[DATA EXTRACT — start]
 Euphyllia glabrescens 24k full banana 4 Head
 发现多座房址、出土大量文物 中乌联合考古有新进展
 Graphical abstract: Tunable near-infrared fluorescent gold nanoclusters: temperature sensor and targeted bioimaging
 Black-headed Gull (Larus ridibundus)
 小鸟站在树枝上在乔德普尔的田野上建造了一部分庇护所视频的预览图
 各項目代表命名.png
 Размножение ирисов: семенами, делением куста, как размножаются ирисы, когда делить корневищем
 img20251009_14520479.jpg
[DATA EXTRACT — finish]
[DATA EXTRACT — start]
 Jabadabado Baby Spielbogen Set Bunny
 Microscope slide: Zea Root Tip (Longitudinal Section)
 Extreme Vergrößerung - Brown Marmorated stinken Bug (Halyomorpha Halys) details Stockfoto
[DATA EXTRACT — finish]
> _PROMPT_: Out of the data above, set down the lines from the one with "Black-headed Gull (Larus ridibundus)" to the one with "img20251009_14520479.jpg", both included, exactly as written and with no additions.

> _SOLUTION TO THIS TASK_:
 Black-headed Gull (Larus ridibundus)
 小鸟站在树枝上在乔德普尔的田野上建造了一部分庇护所视频的预览图
 各項目代表命名.png
 Размножение ирисов: семенами, делением куста, как размножаются ирисы, когда делить корневищем
 img20251009_14520479.jpg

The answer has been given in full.